* Task description
Leave every picture out, and print the full listing again exactly.

* Available data
______

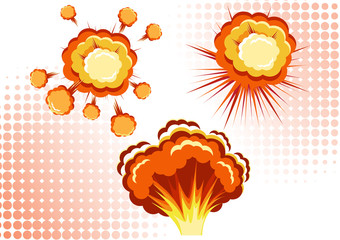 Cartoon vector bomb explosion with smoke. Cartoon style effect boom, explosion flash, bomb comic. Explosion with fire and cloud.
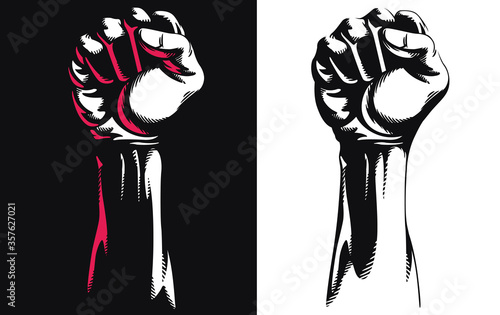 Silhouette raised fist hand clenched protest punch vector icon logo illustration isolated on white background photo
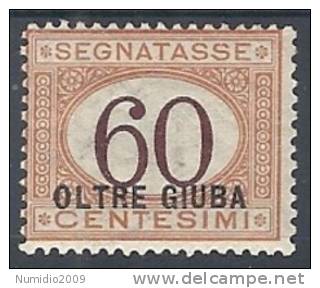 1925 OLTRE GIUBA SEGNATASSE 60 CENT MH * - RR10557 - Oltre Giuba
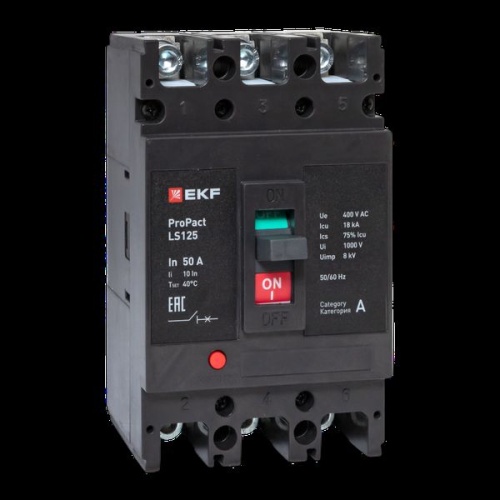 Автоматический выключатель LS125 18кА 3P 50А ProPact EKF Автоматический выключатель LS125 18кА 3P 50А ProPact EKF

______

* Answer area
 Cartoon vector bomb explosion with smoke. Cartoon style effect boom, explosion flash, bomb comic. Explosion with fire and cloud.
 Silhouette raised fist hand clenched protest punch vector icon logo illustration isolated on white background photo
 1925 OLTRE GIUBA SEGNATASSE 60 CENT MH * - RR10557 - Oltre Giuba
 Автоматический выключатель LS125 18кА 3P 50А ProPact EKF Автоматический выключатель LS125 18кА 3P 50А ProPact EKF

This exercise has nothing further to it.